### Work instruction
Exactly as they appear below, repeat the lines from the one with "Sea New York Elysse PJ Set Online" through the one with "Білий Джип Cherokee, об'ємом". Drop every picture.

### Data

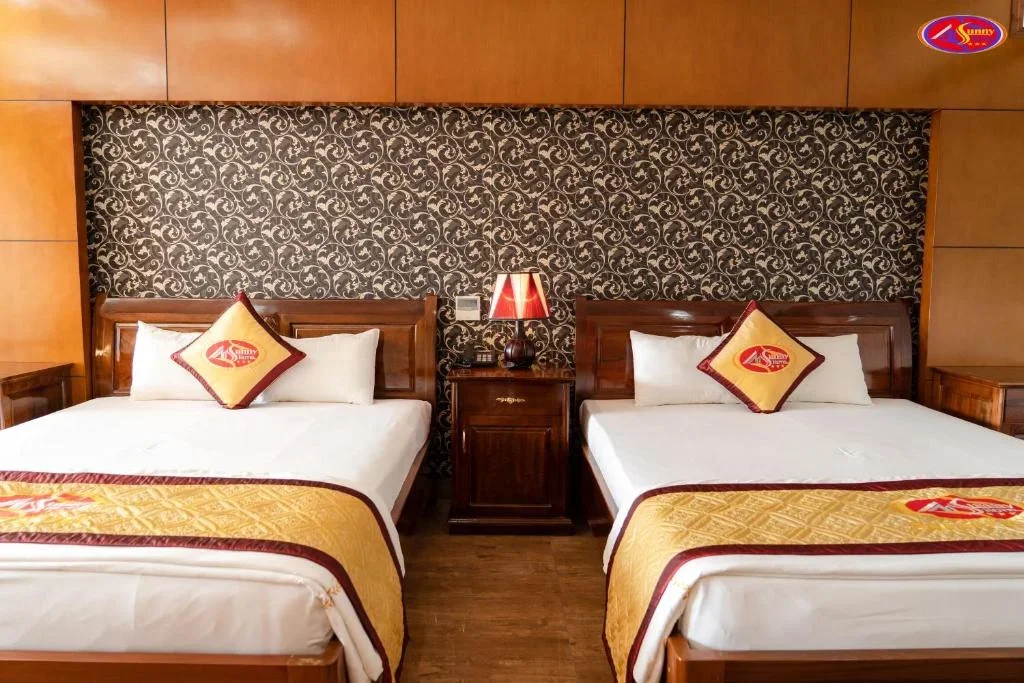 Khách sạn Sunny Hotel Cao Bằng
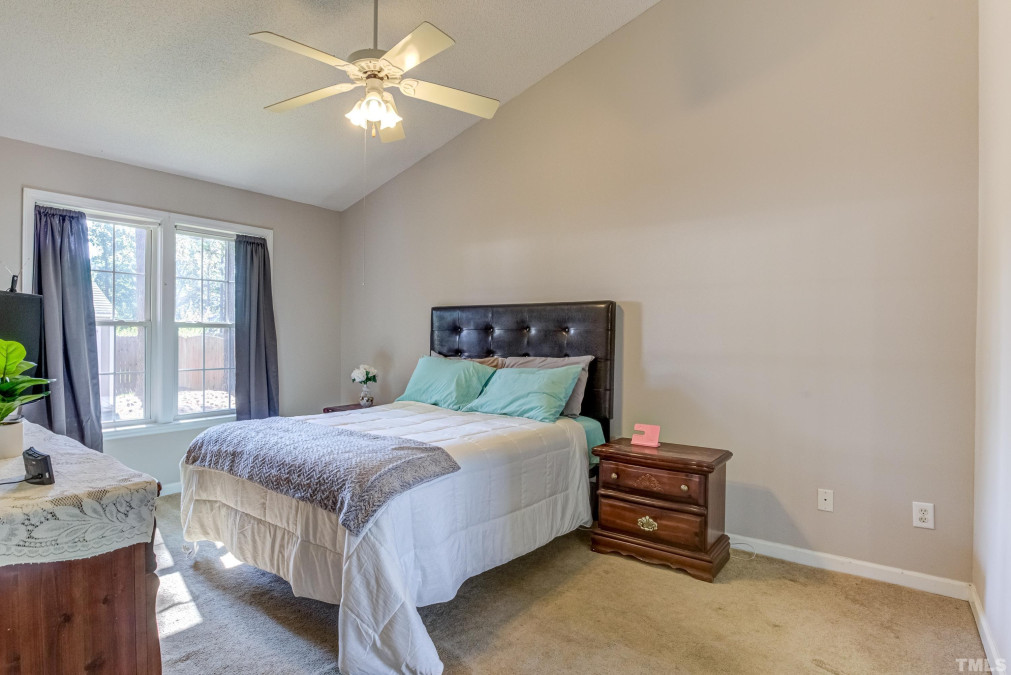 4029 Mackinac Island Ln Raleigh, NC 27610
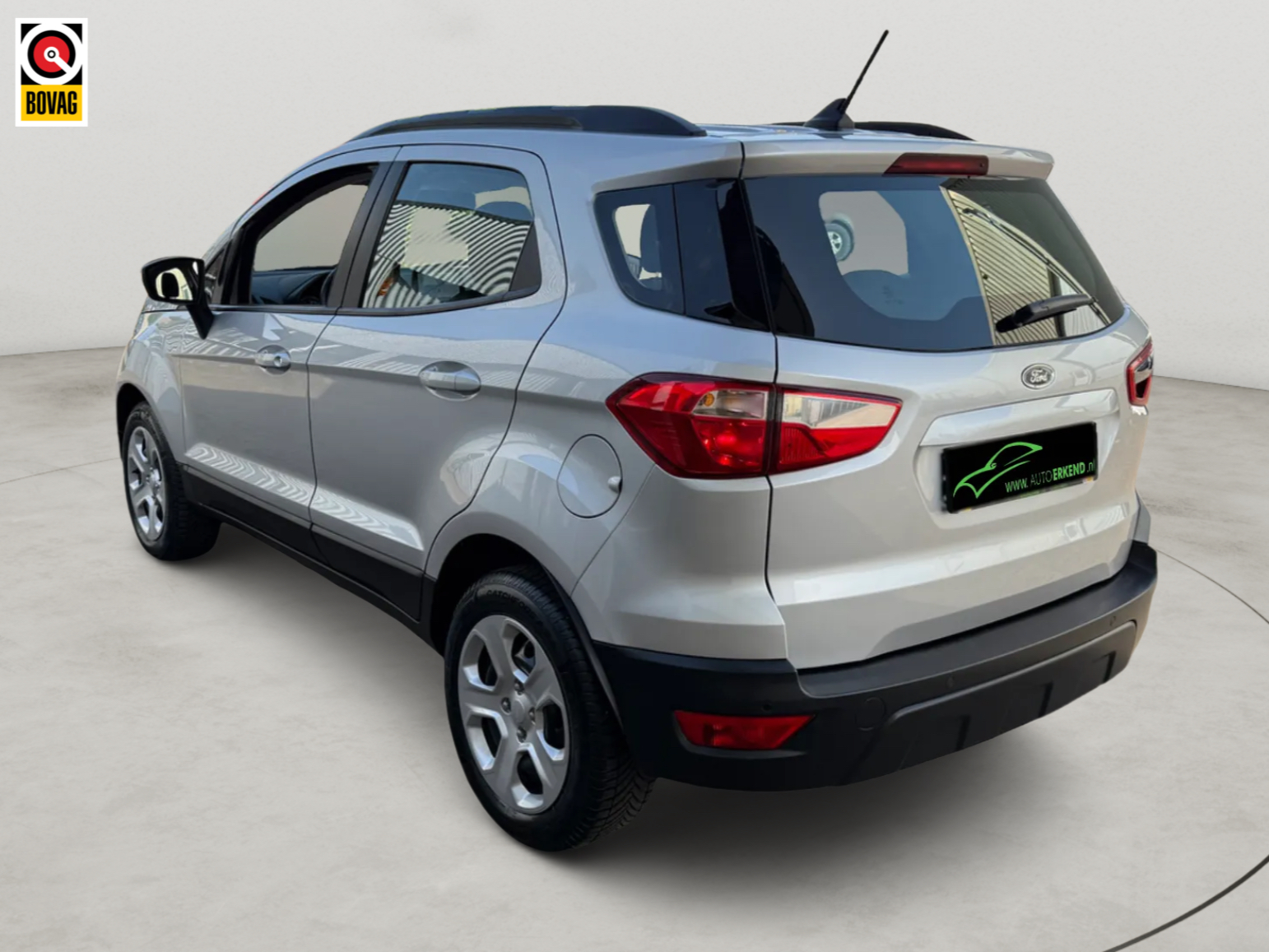 Ford EcoSport 1.0 EcoBoost 2019  36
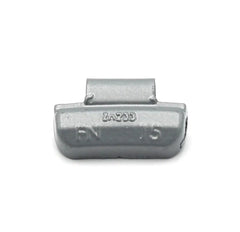 FN 15g Zinc Clip on Wheel Weights for Japanese Alloy Rims 100 PCS, alternate view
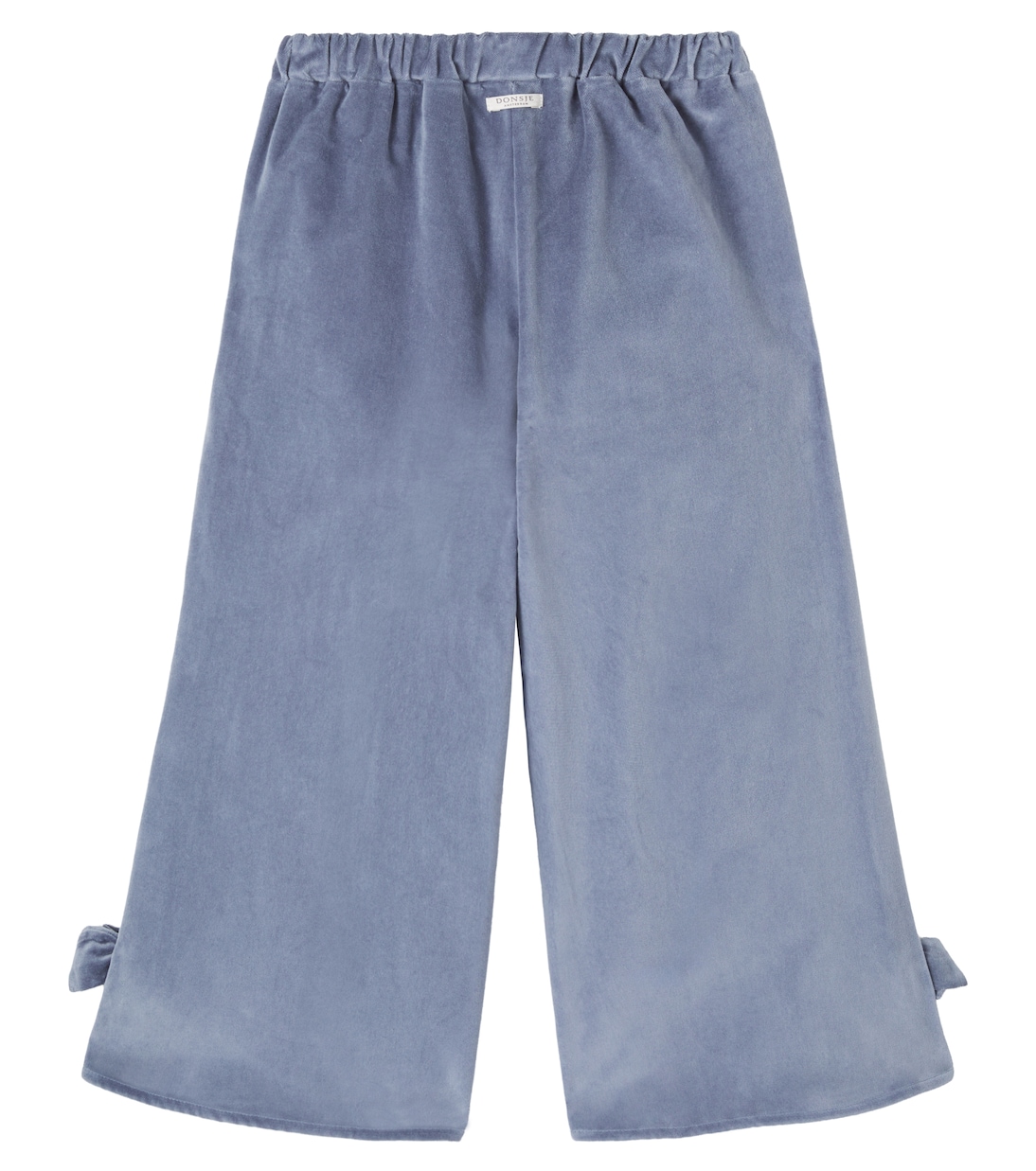 Pantalon Nolien en velours de coton | Donsje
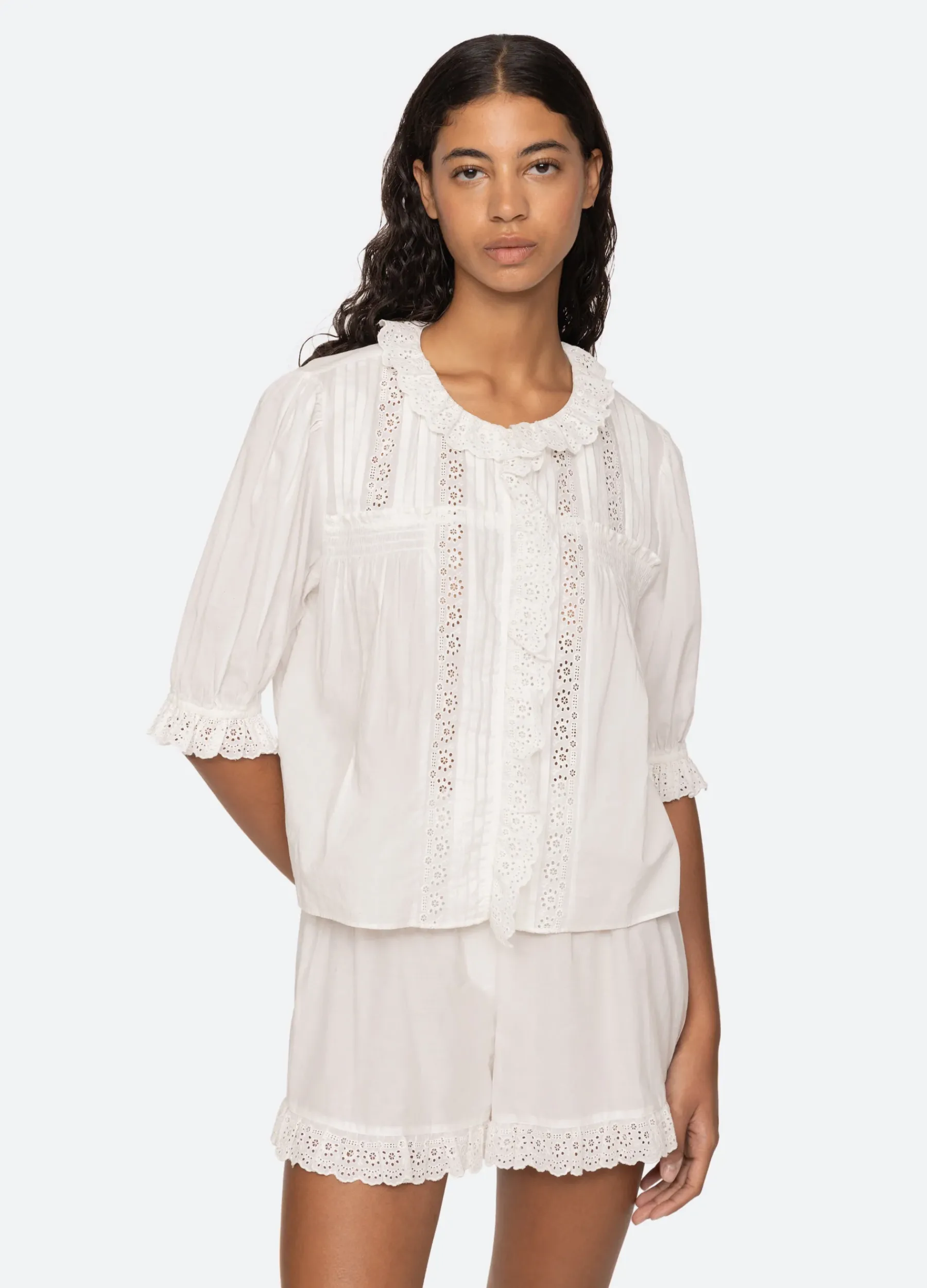 Sea New York Elysse PJ Set Online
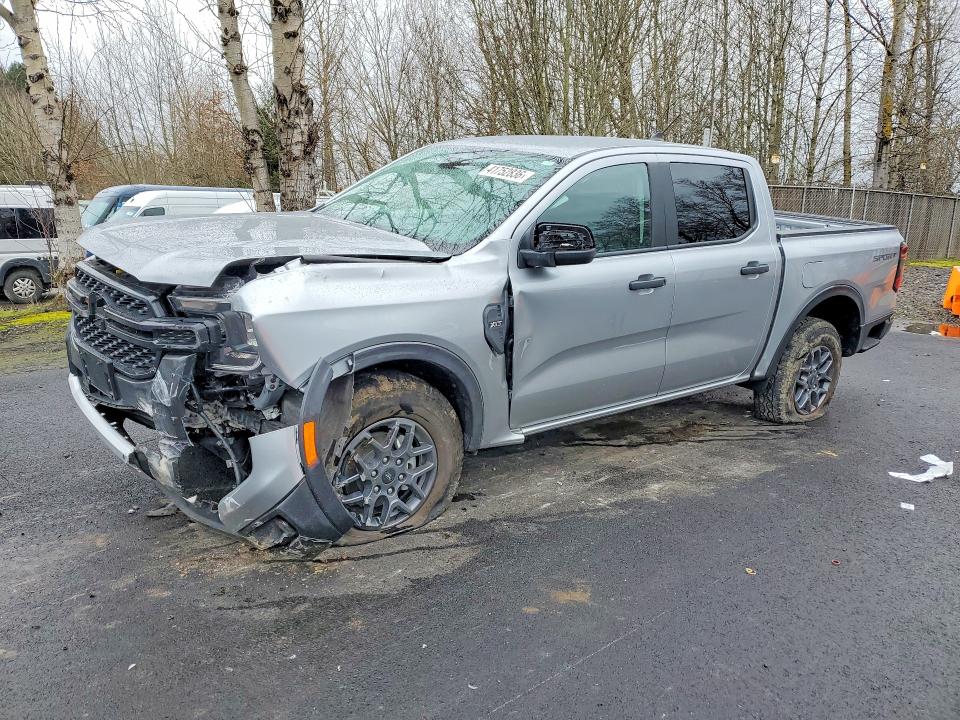 2024 FORD RANGER — VIN 1FTER4GH3RLE07692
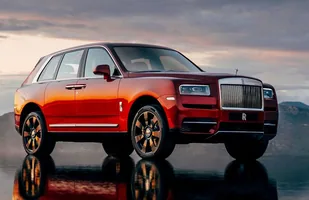 Historyczny rekord BMW, Rolls-Royce i BMW M — zdjęcie 4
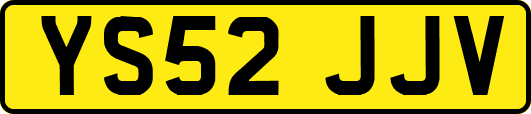 YS52JJV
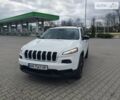 Білий Джип Cherokee, об'ємом двигуна 2.36 л та пробігом 115 тис. км за 14900 $, фото 30 на Automoto.ua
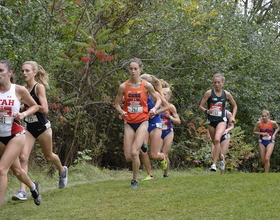 Syracuse features 3 winning sprinters at Dr. Sander Invitational and strong distance performances in Boston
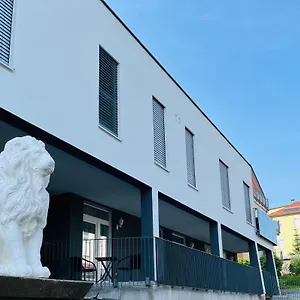 Apartment Sanssouci-fewo 09, Bad Kissingen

### Finished exercise
 Sea New York Elysse PJ Set Online
 2024 FORD RANGER — VIN 1FTER4GH3RLE07692
 Historyczny rekord BMW, Rolls-Royce i BMW M — zdjęcie 4
 YS52JJV
 Білий Джип Cherokee, об'ємом двигуна 2.36 л та пробігом 115 тис. км за 14900 $, фото 30 на Automoto.ua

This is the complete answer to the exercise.